Displaced injuries require closed or open reduction and stabilisation with K-wires or screws. Most older series used wire fixation but a cadaver study by Lee (2004) showed that screw fixation, at least of the three medial joints, gives more rigidity. However, there has been no comparative clinical trial of wire versus screw fixation. If screws are used, most authors recommend removal about 3 months after injury, although there is no clear evidence this is necessary.
There has also been a controversy between temporary screw fixation and primary arthrodesis of the TMT joints. Mulier et al (2002) found more complications in patients who underwent arthrodesis, although they may have had more severe injuries. Otherwise there is not enough data to resolve the issue.
Whatever method of reduction and fixation is used, functional outcome is mainly determined by the quality of reduction and the maintenance of that reduction (Myerson 1986, Mulier 1997). Direct injuries probably do worse than indirect injuries and pure ligament injuries than fracture-dislocations.

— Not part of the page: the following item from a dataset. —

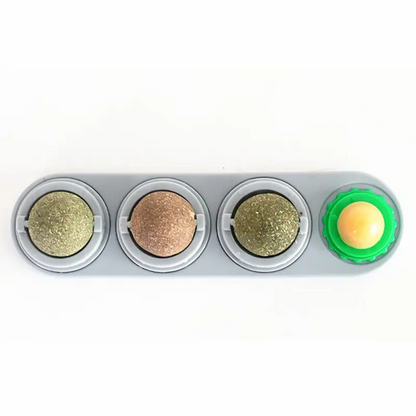 4-in-1 Rotating Catnip Silver Vine Ball Cat Toy - Edible Safe Material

Almost all patients will develop some degenerative changes but these have little effect on the overall result. About 10-20% will develop symptomatic arthritis requiring arthrodesis (Myerson 1986, Mulier 1997, Kuo et al 2000) and this may be reduced but not avoided by initial ORIF.
Late arthrodesis produced satisfactory results in 70% of patients in Sangeorzan’s series (1990). Poor results were associated with delay in reconstruction. Other causes of poor results from reconstruction include severe soft tissue injuries and regional pain syndromes.